Saturday, August 13, 2011

Is Profit Without Honor?


Christian Colleges Part of White House Interfaith Service Push
Schools say listening is a key part of the project—but theological pluralism isn’t.

Chris Norton | posted 8/08/2011 10:34AM

Christian colleges and universities were among the 195 higher education institutions represented Wednesday in Washington at the launch of President Obama's Interfaith and Community Service Campus Challenge.

The White House initiative, first announced in March, aims to mobilize college students of various religious backgrounds for community service around the nation.

Kent comments:

Apart from the fact that it is no proper business of the government to be involved with what Christian colleges do in regard to their projects, this article suggests another problem that is widespread today.  Our society, and Christians in particular, have a skewed view of what constitutes “community service.”

The other day a large van was patrolling my neighborhood.  It was carrying people from a lockup somewhere who were being forced to pick up trash along the road.  The name on the van included the words “community service.”  Courts often sentence people to “community service.”  So we sometimes use the phrase as a synonym for “punishment.”

Then we have the phrase as it is used in the article above, where it is equated with voluntary, but unpaid, participation in various projects.  What bothers me a bit is the neglect of another kind of “community service” – perhaps one that best serves the most people.

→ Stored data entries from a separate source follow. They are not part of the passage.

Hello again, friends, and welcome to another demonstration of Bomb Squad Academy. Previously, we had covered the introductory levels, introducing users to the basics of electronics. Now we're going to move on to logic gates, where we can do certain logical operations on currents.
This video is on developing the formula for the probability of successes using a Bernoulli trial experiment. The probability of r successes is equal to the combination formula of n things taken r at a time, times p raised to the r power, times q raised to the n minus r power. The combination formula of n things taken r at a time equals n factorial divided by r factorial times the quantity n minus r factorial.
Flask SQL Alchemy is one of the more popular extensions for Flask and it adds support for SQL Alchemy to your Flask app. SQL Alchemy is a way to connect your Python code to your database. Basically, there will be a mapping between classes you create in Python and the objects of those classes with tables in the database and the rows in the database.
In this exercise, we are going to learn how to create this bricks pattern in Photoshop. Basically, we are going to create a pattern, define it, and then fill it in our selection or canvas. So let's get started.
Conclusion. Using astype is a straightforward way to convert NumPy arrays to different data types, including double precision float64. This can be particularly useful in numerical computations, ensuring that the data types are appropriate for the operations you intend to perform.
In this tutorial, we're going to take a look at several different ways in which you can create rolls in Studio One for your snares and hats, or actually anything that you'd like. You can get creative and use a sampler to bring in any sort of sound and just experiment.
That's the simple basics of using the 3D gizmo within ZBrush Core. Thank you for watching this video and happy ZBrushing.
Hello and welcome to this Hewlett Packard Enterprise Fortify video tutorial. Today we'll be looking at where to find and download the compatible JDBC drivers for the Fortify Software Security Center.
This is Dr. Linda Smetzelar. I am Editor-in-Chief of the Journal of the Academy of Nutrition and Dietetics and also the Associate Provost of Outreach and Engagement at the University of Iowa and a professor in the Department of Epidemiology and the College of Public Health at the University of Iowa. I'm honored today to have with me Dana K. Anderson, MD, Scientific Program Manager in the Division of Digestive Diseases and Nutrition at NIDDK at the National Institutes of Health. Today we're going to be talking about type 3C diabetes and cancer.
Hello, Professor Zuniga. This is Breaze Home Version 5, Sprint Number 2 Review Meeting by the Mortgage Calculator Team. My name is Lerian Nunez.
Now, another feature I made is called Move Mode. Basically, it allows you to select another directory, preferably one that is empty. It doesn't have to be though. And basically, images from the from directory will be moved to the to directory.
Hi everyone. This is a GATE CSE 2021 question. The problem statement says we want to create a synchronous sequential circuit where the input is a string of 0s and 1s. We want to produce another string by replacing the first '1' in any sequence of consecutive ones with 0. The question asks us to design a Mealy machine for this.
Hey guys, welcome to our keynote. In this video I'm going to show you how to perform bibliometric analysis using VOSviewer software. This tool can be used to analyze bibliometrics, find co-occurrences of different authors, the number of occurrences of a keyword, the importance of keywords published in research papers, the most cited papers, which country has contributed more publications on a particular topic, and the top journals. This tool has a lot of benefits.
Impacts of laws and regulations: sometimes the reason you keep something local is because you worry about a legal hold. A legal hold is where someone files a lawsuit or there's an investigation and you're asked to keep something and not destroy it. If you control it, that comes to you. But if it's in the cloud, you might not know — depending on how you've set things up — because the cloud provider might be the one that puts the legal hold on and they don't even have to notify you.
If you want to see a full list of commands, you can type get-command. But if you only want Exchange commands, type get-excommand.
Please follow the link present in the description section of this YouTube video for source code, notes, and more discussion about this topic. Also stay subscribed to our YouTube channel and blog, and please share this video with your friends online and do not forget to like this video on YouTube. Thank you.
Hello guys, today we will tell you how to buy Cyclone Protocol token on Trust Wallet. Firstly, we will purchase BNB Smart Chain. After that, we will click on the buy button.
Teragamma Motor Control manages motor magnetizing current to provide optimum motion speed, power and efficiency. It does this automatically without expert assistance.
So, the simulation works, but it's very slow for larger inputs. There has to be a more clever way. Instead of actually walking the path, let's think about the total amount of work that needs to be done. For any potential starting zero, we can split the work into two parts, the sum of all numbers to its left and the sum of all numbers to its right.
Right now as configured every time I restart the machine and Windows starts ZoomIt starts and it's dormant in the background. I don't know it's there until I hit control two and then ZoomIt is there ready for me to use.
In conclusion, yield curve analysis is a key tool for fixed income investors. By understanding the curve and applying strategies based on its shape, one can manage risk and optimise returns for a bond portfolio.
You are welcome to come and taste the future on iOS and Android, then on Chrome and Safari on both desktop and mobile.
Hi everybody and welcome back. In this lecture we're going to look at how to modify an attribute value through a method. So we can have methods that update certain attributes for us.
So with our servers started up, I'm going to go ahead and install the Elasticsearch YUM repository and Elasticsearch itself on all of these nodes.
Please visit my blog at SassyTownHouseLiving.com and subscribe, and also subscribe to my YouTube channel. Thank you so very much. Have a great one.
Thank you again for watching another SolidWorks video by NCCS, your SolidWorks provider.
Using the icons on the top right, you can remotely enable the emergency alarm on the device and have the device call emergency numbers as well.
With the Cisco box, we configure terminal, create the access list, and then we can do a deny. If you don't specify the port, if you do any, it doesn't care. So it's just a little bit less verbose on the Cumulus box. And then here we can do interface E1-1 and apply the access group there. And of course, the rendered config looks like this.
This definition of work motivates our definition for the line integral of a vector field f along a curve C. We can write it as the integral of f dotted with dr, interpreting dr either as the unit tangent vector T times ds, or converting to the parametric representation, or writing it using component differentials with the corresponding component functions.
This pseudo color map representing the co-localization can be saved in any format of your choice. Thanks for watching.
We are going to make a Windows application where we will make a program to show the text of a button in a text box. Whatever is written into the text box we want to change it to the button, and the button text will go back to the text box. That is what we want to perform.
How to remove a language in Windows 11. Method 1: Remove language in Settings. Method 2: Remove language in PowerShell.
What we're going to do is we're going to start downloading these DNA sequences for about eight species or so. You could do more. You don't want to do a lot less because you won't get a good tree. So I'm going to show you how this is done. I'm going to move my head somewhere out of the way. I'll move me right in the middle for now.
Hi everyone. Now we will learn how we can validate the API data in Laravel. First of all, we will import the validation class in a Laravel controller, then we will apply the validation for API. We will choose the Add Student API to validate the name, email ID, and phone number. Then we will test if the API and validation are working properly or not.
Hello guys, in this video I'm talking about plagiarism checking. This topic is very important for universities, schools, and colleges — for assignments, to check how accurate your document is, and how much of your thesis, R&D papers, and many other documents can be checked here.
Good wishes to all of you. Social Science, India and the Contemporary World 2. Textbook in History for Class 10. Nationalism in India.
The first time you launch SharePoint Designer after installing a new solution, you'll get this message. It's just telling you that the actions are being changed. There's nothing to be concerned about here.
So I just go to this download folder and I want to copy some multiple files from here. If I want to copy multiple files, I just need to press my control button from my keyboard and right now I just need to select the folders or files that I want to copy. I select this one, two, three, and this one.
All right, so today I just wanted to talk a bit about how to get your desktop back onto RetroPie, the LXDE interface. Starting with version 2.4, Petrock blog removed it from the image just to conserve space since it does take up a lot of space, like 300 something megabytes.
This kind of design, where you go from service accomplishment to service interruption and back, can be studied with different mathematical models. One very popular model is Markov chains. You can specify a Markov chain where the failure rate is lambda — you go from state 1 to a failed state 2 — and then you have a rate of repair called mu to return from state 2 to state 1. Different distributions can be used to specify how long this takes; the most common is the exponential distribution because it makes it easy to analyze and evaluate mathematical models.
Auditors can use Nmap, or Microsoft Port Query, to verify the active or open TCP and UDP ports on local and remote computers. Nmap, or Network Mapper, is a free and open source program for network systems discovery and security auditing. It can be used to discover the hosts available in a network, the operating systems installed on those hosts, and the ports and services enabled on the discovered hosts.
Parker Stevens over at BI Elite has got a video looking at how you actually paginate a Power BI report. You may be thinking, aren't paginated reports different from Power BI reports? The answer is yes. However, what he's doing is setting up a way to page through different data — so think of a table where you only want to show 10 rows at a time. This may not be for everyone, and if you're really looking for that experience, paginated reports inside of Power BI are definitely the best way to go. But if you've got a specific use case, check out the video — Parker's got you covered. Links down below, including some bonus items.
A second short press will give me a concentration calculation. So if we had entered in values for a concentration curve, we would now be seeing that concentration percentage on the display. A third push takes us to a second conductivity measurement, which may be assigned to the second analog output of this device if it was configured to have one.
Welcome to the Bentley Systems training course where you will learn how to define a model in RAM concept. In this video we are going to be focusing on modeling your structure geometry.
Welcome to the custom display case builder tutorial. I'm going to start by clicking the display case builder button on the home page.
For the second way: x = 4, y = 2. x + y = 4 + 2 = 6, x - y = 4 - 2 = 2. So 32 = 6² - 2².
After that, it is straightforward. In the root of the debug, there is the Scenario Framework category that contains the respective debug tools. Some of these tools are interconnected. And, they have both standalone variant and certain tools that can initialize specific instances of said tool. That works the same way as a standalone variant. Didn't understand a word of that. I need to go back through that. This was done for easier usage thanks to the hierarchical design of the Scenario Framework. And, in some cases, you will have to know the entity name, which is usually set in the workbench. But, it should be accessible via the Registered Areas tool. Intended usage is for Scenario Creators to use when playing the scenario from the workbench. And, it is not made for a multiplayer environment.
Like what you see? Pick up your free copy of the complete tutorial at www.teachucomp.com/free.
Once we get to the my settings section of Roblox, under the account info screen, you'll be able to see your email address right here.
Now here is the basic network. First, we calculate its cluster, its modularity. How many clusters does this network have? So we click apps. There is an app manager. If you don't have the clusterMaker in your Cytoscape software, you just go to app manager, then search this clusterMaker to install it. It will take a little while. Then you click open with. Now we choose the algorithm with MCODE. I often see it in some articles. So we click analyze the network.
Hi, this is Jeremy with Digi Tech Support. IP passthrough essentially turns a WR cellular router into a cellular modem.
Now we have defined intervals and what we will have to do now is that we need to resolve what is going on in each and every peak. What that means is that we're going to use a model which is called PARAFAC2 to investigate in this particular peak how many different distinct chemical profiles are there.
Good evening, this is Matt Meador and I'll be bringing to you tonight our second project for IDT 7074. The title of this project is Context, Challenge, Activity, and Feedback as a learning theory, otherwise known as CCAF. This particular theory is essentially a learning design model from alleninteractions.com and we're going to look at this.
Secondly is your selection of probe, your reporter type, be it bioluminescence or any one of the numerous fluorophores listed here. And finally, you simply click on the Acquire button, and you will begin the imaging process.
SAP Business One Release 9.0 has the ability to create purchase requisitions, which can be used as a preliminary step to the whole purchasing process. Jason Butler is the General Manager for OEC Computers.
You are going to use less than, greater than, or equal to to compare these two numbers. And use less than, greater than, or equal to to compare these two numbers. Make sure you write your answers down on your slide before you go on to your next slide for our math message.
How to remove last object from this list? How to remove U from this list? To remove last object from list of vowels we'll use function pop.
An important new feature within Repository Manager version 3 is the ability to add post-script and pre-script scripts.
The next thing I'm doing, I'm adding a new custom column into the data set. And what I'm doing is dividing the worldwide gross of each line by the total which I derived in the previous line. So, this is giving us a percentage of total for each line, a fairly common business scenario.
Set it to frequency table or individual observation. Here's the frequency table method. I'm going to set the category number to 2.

Last night I went with some friends to an ice cream shop.  This little place was staffed entirely with very friendly, very ready-to-serve, college students.  Theirs was a busy shop – they were busy serving people from all over the community in which they were located.  Their colleges were not involved in this community service, and neither was the White House – except, perhaps, for the efforts of the White House to make this kind of community service more difficult.

The problem is, most colleges and governments would not think of this as “community service” because these college students were being paid for what they were doing, and those who owned the ice cream shop were (presumably) making a profit on the whole community service project.

In the eyes of the government, academia, and (sorry to say) many Christians, this puts what these nice college students were doing outside the realm of “community service.”  Perhaps we cannot expect better from governments and academia, but Christians should know better.

There is nothing wrong, of course, with working for nothing.  But there is also nothing wrong, or even less commendable, with working for a profit.  As a matter of fact, it would be impossible for anyone to work for nothing if someone else were not working for a profit.

Christians need to recognize and defend the value to communities of those who work, save, and invest in productive enterprises.  They are not somehow morally tainted.  They are, rather, people doing part of the work of God.  Some of the best community service around is done for profit – and the prophets of God should say, “Amen.”